On May 15, 283 members of the 450-seat State Duma voted to impeach President Boris Yeltsin as criminally responsible for Russia’s war against Chechnya, the rebellious province in the Russian Caucasus. Three days later, 293 members voted to confirm as Russia’s prime minister one of the leading perpetrators of that disastrous campaign, Interior Minister Sergei Stepashin. Go figure.
The first vote fell short of the two thirds (300 votes) needed to impeach. The second was well beyond the simple majority (226 votes) needed to approve Stepashin’s nomination as successor to the fired Yevgeny Primakov. Both votes showed that Boris Yeltsin can still rally a yin-yang coalition of failed “reformers,” thugged-individualist tycoons, apparatchiks, ex-Chekists and brownshirted whackos, to defeat the communists and their allies.
For another year at least, until the 2000 elections, the ailing president, with his approval rating down in the low single digits, leads this rag-tag political army by default. He is the only alternative to communist rule, a powerful threat that brings together all kinds of otherwise mutually hostile interests.
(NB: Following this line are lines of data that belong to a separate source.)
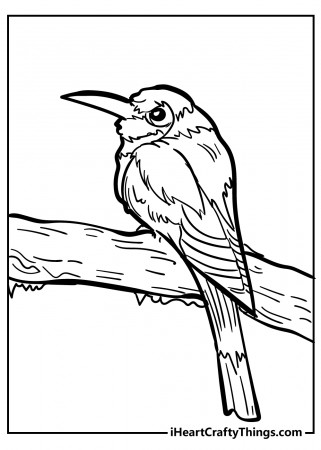 Unique Bird Coloring Pages (Updated 2023)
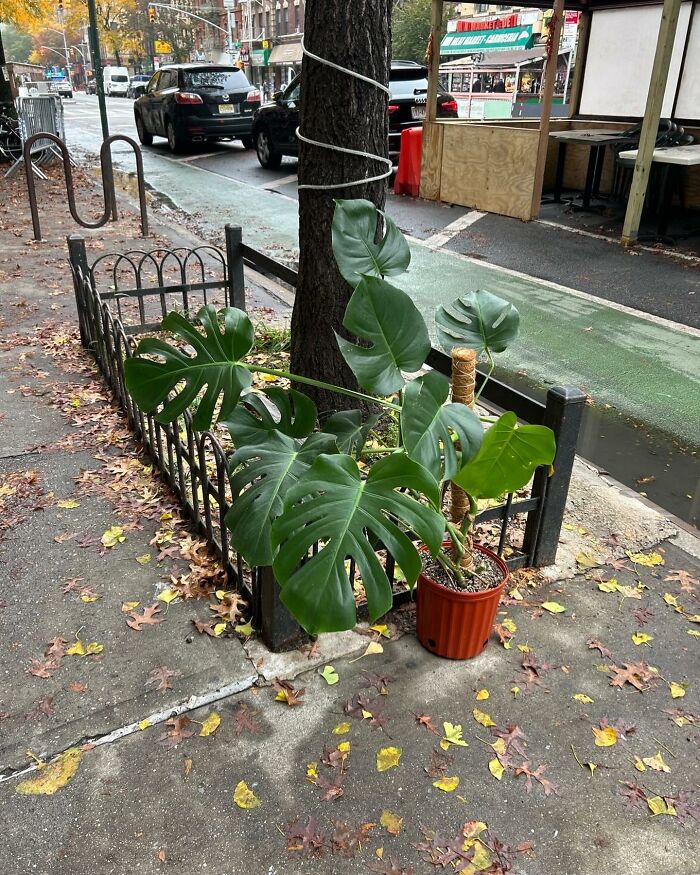 @mpuette Just Put This Monstera Out At Amsterdam Ave Between 106 And 107 In Front Of Bahn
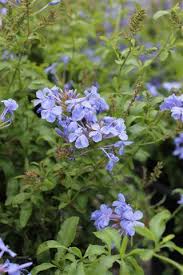 Image result for Plumbago auriculata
Yeltsin personally is not important to this process. His actual contributions to political strategy, or to any other element of statecraft or governance, are hidden by secrecy and lies. The dwindling number of Russians with an interest in the formation of public policy attributes Kremlin decisions to “the collective Yeltsin,” an inner circle of advisers that includes presidential daughter Tatyana Dyachenko, tycoons Boris Berezovsky and Vladimir Gusinsky, and former deputy prime minister Anatoly Chubais, among others. It is the same kitchen cabinet that ran and financed Yeltsin’s presidential campaign in 1996. Additional backing comes from Vladimir Putin, head of the Federal Security Service (successor to the Soviet secret police), former Prime Minister Viktor Chernomyrdin, and on critical votes in the Duma from Vladimir Zhirinovsky, the theatrical ultranationalist and anti-Semite.